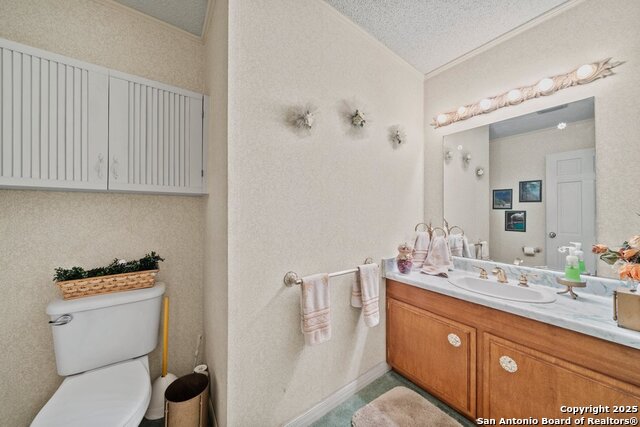 Listing photo id 27 for 699 Floral Avenue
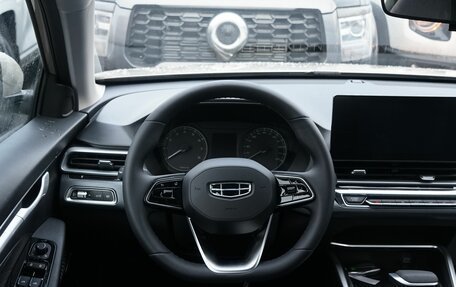 Geely Emgrand, 2024 год, 2 433 990 рублей, 26 фотография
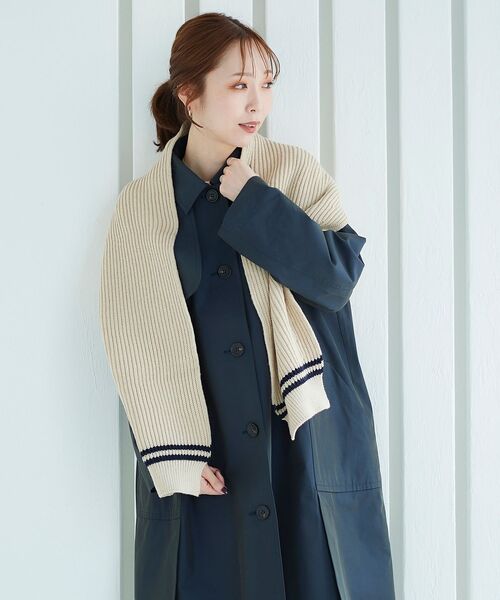 le.coeur blanc（ルクールブラン）の「ラインショルダーマフラー（マフラー・レディース・ベージュ/チャコールグレー・FREE）」の18枚目の写真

» **About this task**:
From the first line to the last, give the data again exactly, but without pictures.

» **Written solution**:
 Listing photo id 27 for 699 Floral Avenue
 Geely Emgrand, 2024 год, 2 433 990 рублей, 26 фотография
 le.coeur blanc（ルクールブラン）の「ラインショルダーマフラー（マフラー・レディース・ベージュ/チャコールグレー・FREE）」の18枚目の写真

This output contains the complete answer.